[Start of Attachment]
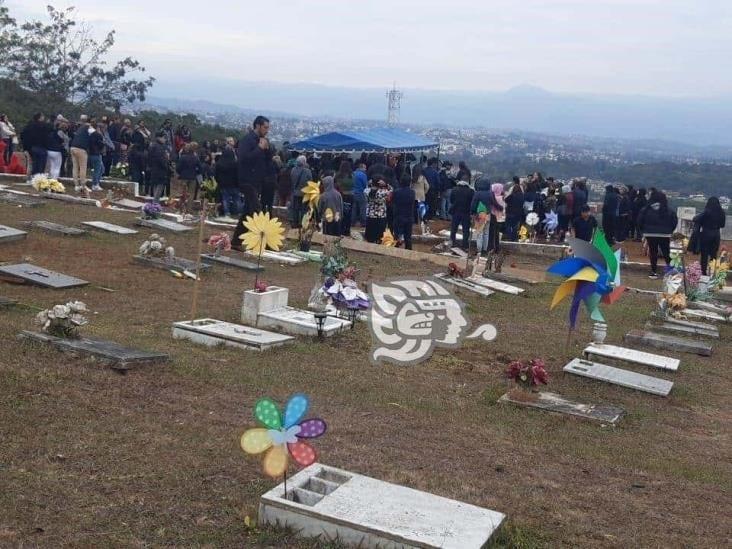 Entre lágrimas y aplausos despiden a Sara Hilda, asesinada presuntamente por banda de su sobrino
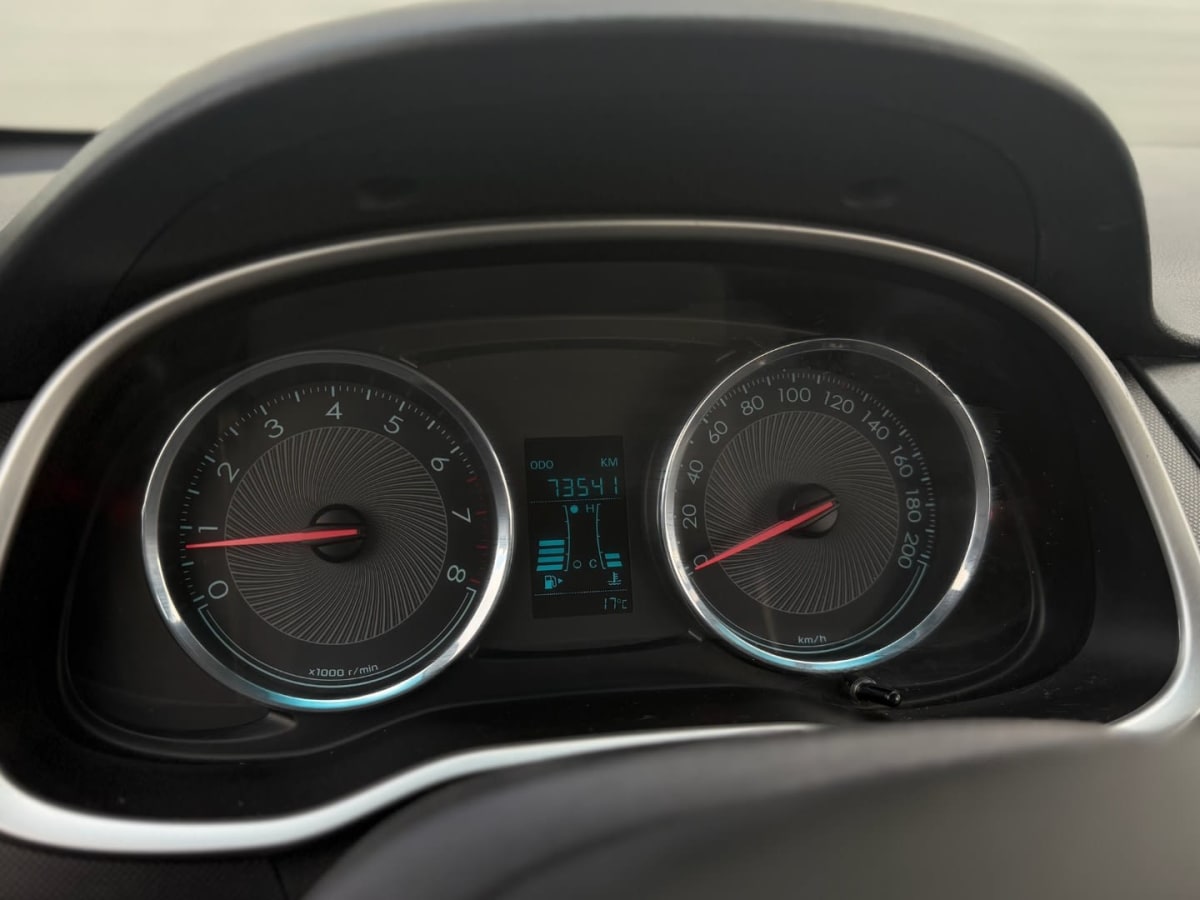 2021 Chevrolet SAIL Plata - Miniatura 7
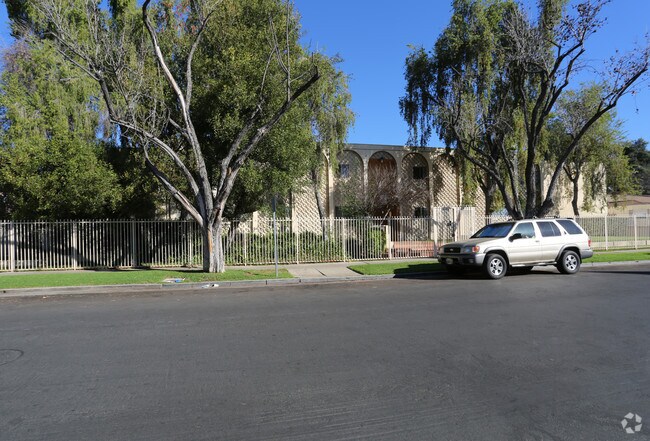 Building Photo - 14227 Gilmore St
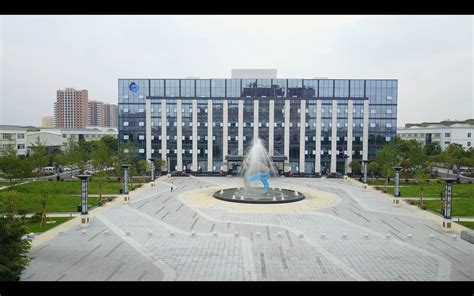 郑州飞龙公司召开庆祝建厂十周年暨2023年工作会议_飞龙汽车部件股份有限公司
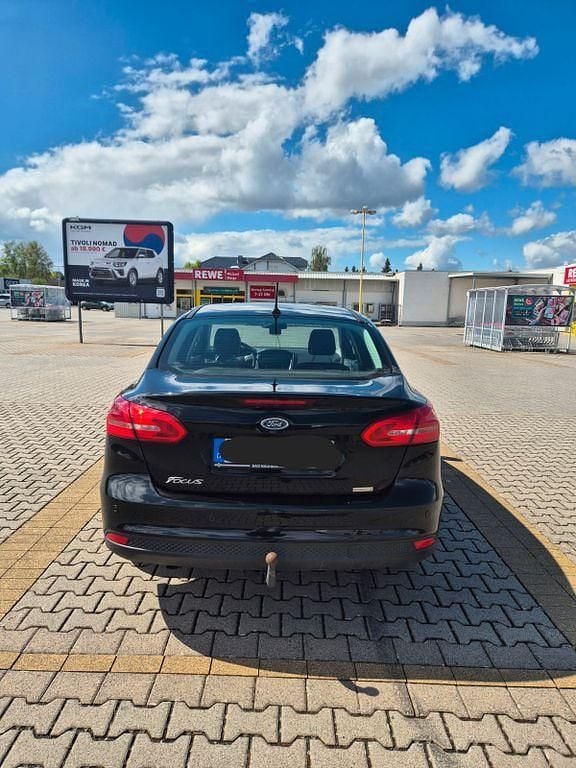 Second-hand Ford Focus 125 CP (91 kW) 2017 Negru Berlinǎ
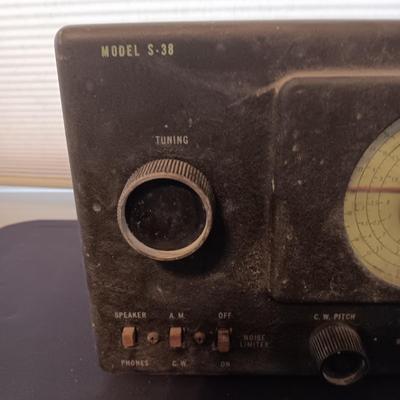 THE HALLICRAFTERS MODEL S-38 (IT LIGHTS UP)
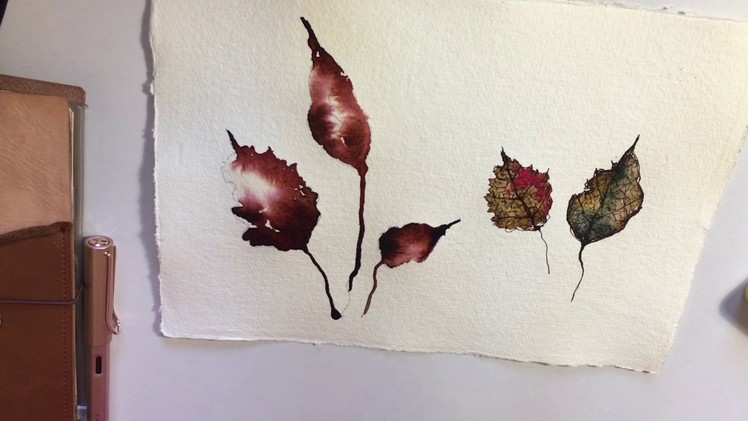 Fun easy painting leaves with ink and watercolor in your Travelers Notebook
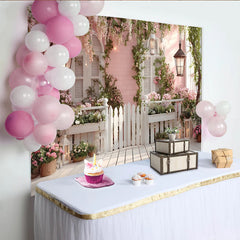 Lofaris Rosa Frühlingsgarten Hintergrund mit weißen Blumen und Zaun, romantische Kulisse für Fotoshooting und Partydekoration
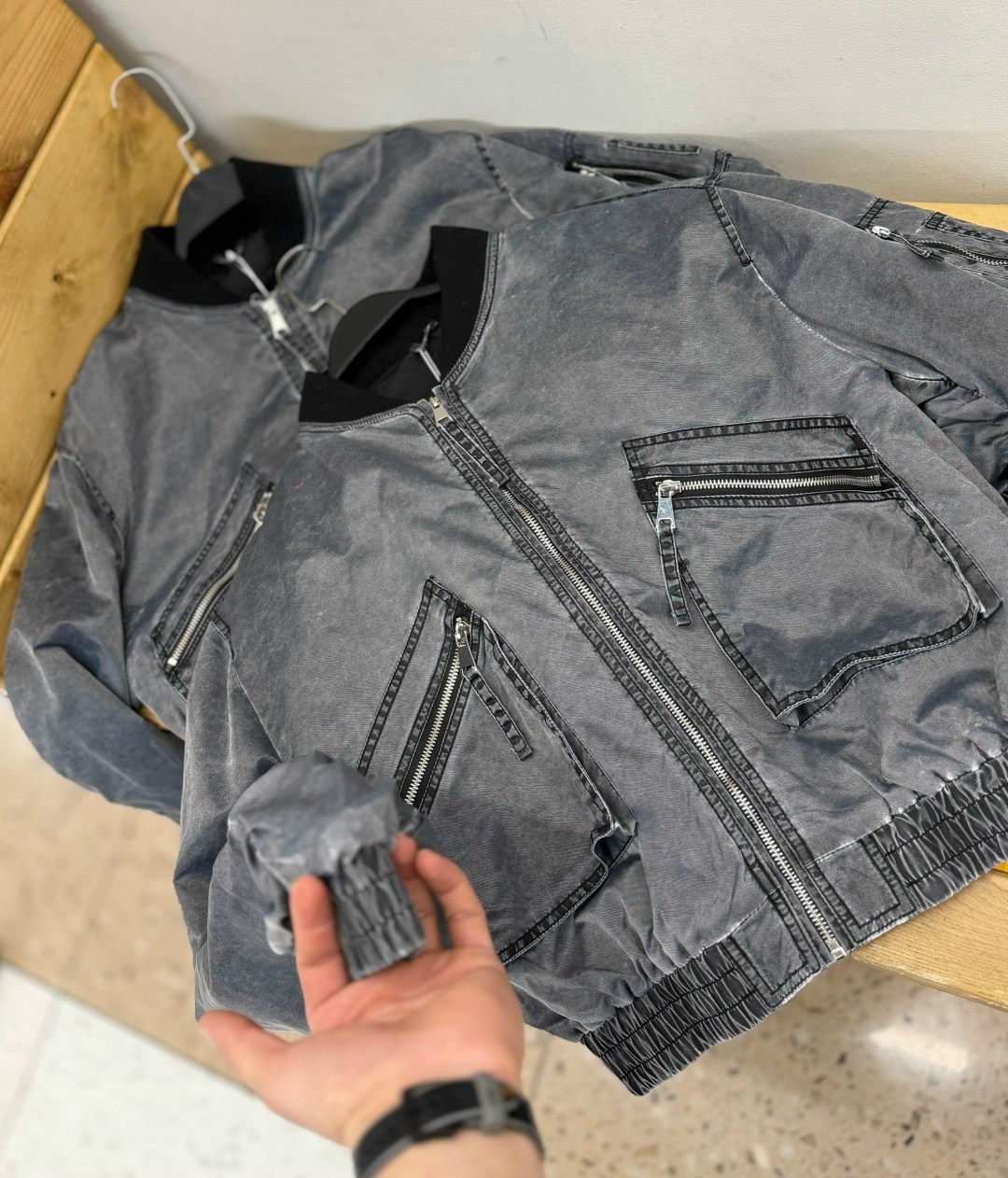 куртка бомбер,куртка бомбер кожаная,бомбер женский,куртка женская серая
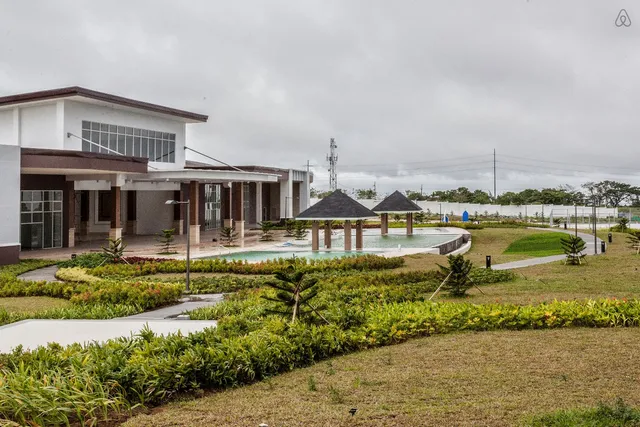 Blowing in The Wind - Lake View Apartments Tagaytay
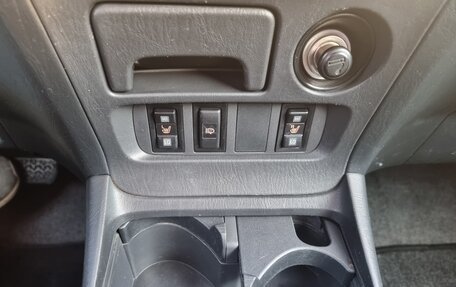 Toyota RAV4, 2004 год, 1 200 000 рублей, 15 фотография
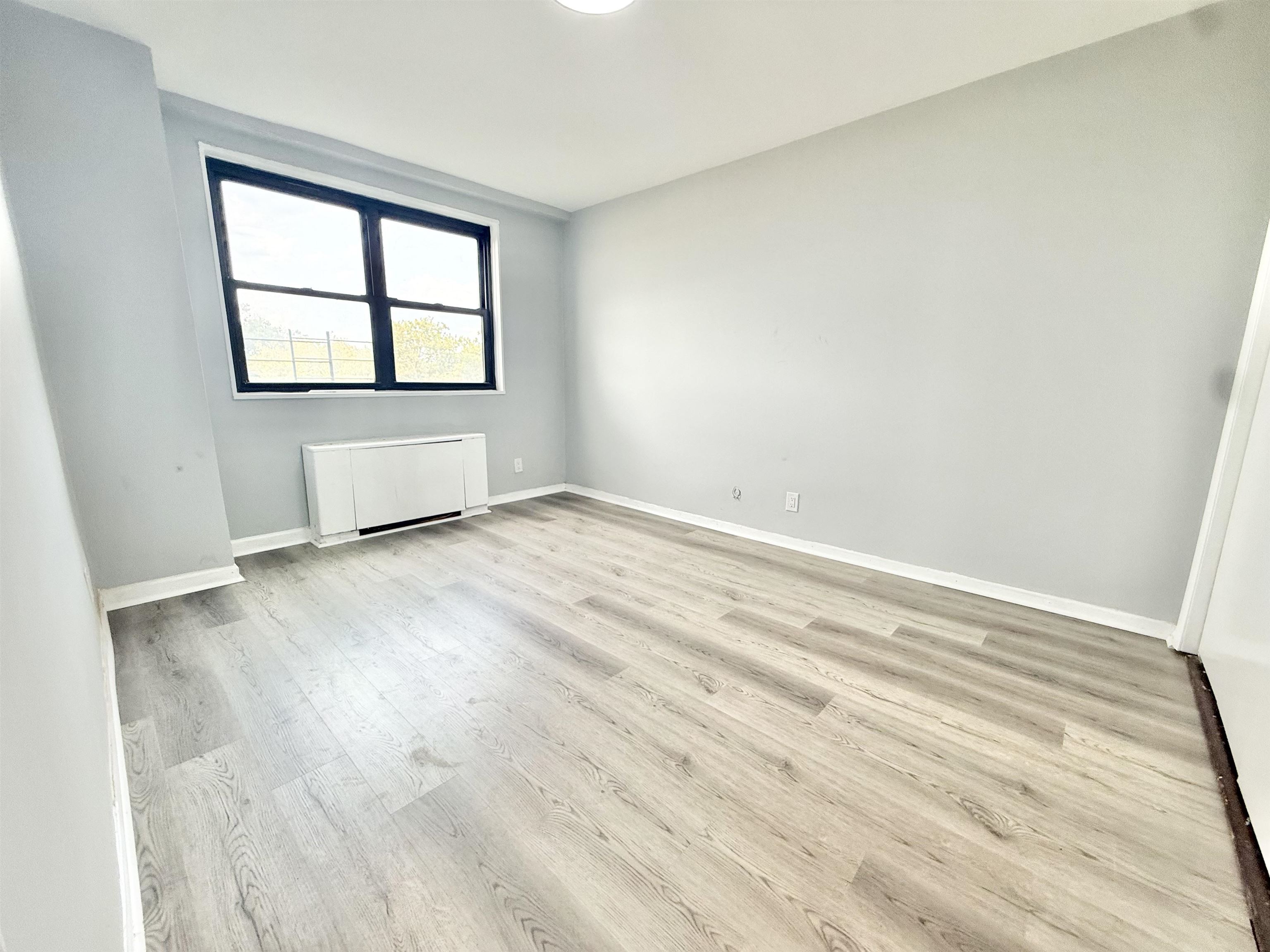 property viewer photo 18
[End of Attachment]
## Aim of the task
Would you copy, exactly, each line from the start of the listing above through the line with "Lofaris Rosa Frühlingsgarten", both ends included, but none of the pictures?

## Exercise response
 Entre lágrimas y aplausos despiden a Sara Hilda, asesinada presuntamente por banda de su sobrino
 2021 Chevrolet SAIL Plata - Miniatura 7
 Building Photo - 14227 Gilmore St
 郑州飞龙公司召开庆祝建厂十周年暨2023年工作会议_飞龙汽车部件股份有限公司
 Second-hand Ford Focus 125 CP (91 kW) 2017 Negru Berlinǎ
 THE HALLICRAFTERS MODEL S-38 (IT LIGHTS UP)
 Fun easy painting leaves with ink and watercolor in your Travelers Notebook
 Lofaris Rosa Frühlingsgarten Hintergrund mit weißen Blumen und Zaun, romantische Kulisse für Fotoshooting und Partydekoration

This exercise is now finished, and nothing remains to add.